Em razão do estado de calamidade pública decorrente da pandemia (Covid-19) o Congresso Nacional aprovou em regime de urgência a Lei nº 14.010, de 10 de junho de 2020, originária de projeto legislativo de iniciativa do Senado Federal, estabelecendo diferentes normas jurídicas excepcionais para vigorar até o termo final da pandemia.

Assim, a suspensão das normas legais por essa Lei não implica revogação delas, readquirindo sua eficácia ao final do período emergencial.

Pelo art. 3º os prazos prescricionais consideram-se impedidos ou suspensos, conforme o caso, a partir da vigência desta Lei até o dia 30 de outubro de 2020, não se aplicando essa regra, todavia, enquanto perdurar as hipóteses específicas de impedimento, suspensão e interrupção dos prazos prescricionais previstos no ordenamento jurídico nacional.

Os impedimentos e suspensões aplicam-se, também em relação à decadência. A decadência, de regra, não comporta interrupção, suspensão e impedimento, salvo disposição em contrário da lei, conforme preceitua o art. 207 do Código Civil.

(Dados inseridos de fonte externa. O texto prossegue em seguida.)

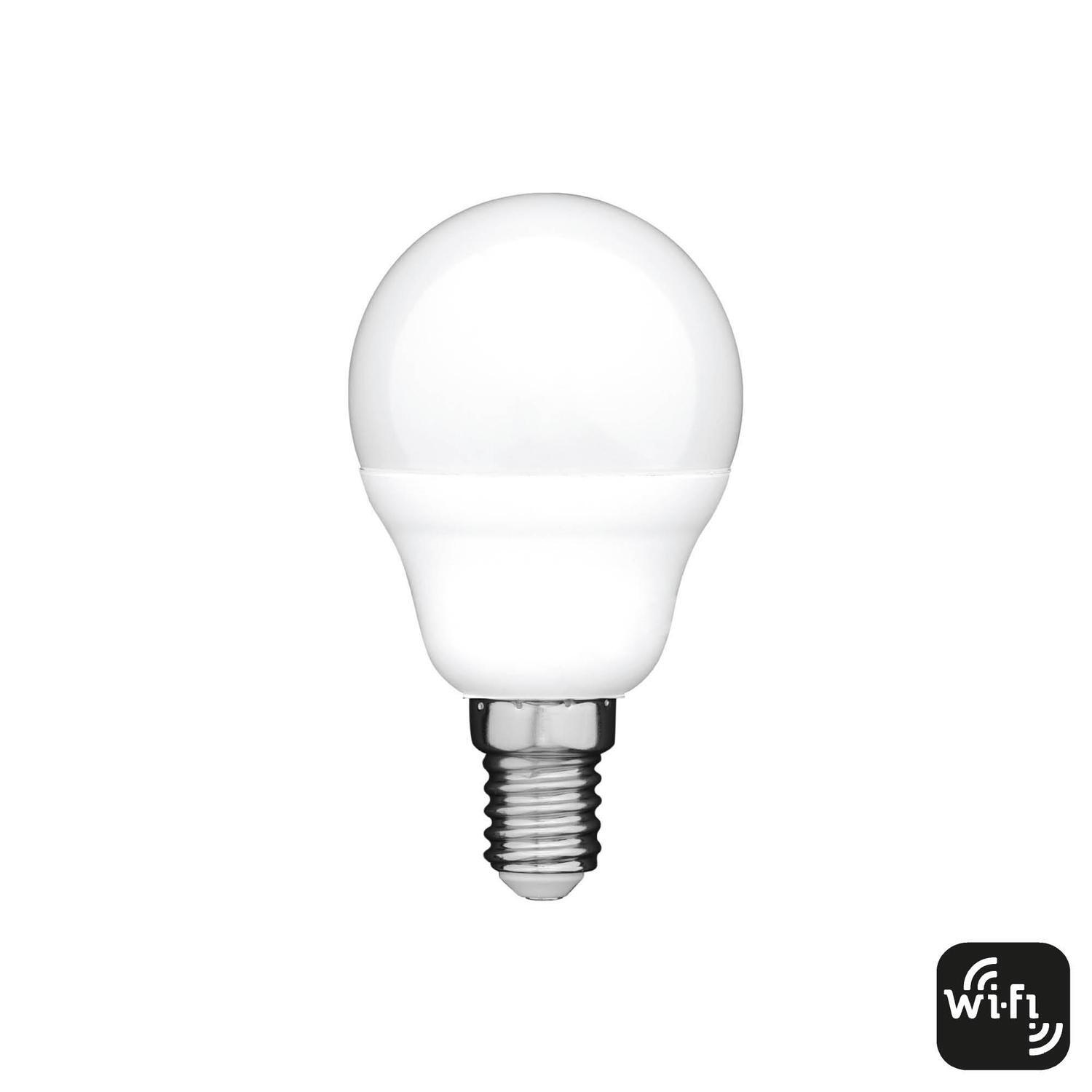 Smart WiFi Fancy Round E14 Light Bulb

O art. 5º prevê a realização de assembléia geral por meios eletrônicos independentemente de previsão nos atos constitutivos da pessoa jurídica, para a destituição de administradores e para alterações de estatuto. A manifestação dos participantes por qualquer meio eletrônico indicado pelo administrador que assegura a identificação do participante surtirá o mesmo efeito de uma assinatura presencial

O art. 8º suspende até o dia 30 de outubro de 2020 a aplicação do art. 49 do Código de Defesa do Consumidor na hipótese de entrega domiciliar (delivery) de produtos perecíveis ou de consumo imediato e de medicamentos. O citado art. 49 permite ao consumidor desistir do contrato no prazo de sete dias, a contar da data da celebração do contrato ou do recebimento do produto, sempre que a contratação de fornecimento  de produto e de serviço ocorrer fora do estabelecimento comercial, principalmente por telefone ou a domicílio.

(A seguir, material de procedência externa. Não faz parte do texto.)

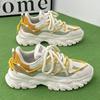 New spring and summer casual running sports mesh breathable inner heightening thick-soled dad trendy shoes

O art. 10 suspende os prazos de aquisição de propriedade imobiliária ou mobiliária, nas diversas espécies de usucapião, a partir da entrada em vigor desta Lei até o dia 30 de outubro de 2020.

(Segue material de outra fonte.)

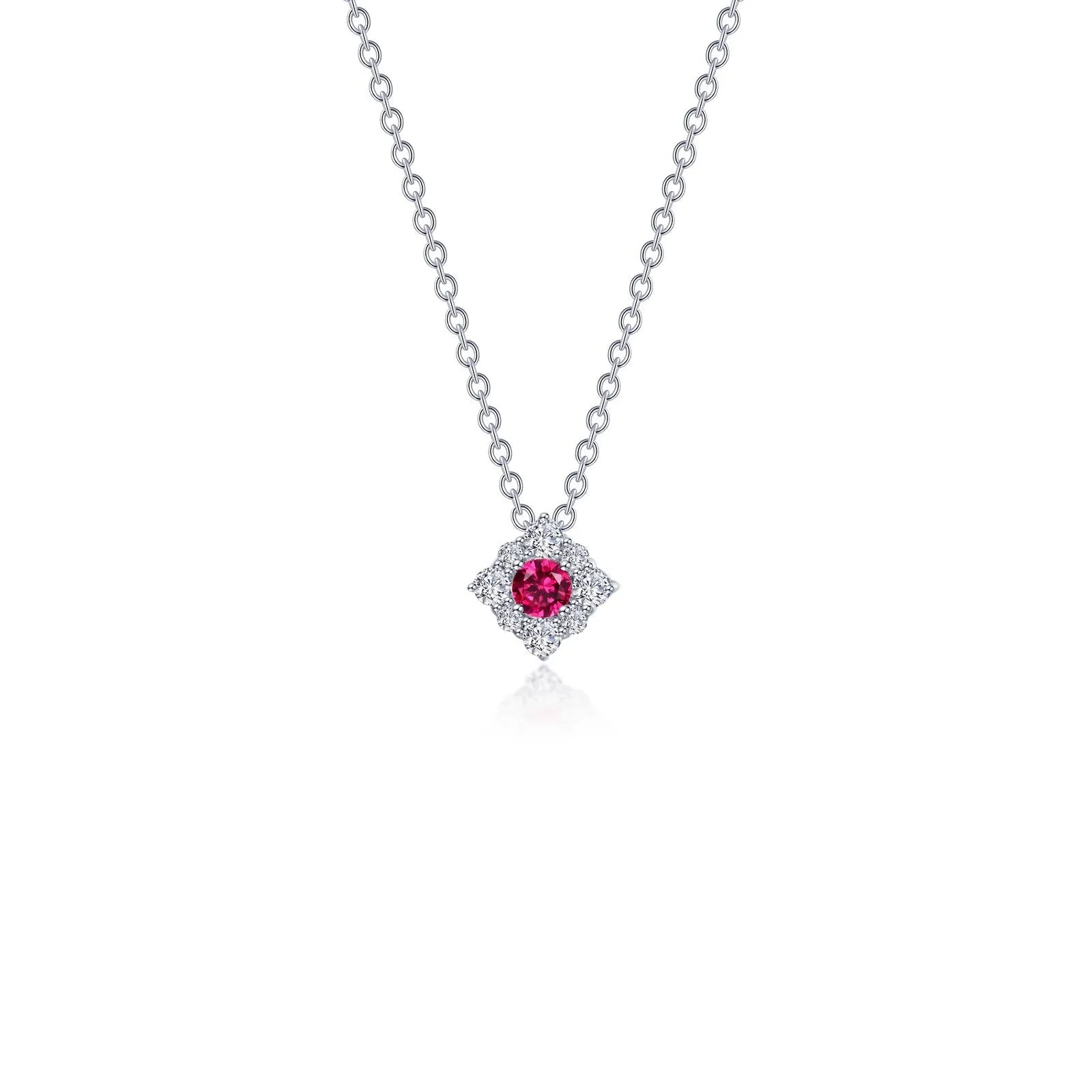 0.43 CTW Halo Necklace N0324CRP18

Os artigos 11 a 13 versam sobre condomínios edilícios. O mais importante dispositivo, o artigo 11, que conferia poderes extraordinários ao síndico no período de pandemia, foi vetado, sem razão, pelo Executivo. Sobre esse assunto já  escrevemos um texto específico publicado no site haradaadvogados.com.br (Poderes excepcionais do síndico durante a pandemia -  22-6-2020).

O art. 12 limita-se a prever a realização de assembléia geral por meios eletrônicos. Caso não seja possível a assembléia geral pela forma preconizada, os mandatos de  síndico vencidos a partir de 20 de março de 2020 ficam prorrogados  até o dia 30 de outubro de 2020. O art. 13 nada tem de emergencial, pois, limita-se a preservar a destituição do síndico em caso de negativa na prestação regular de seus atos de administração.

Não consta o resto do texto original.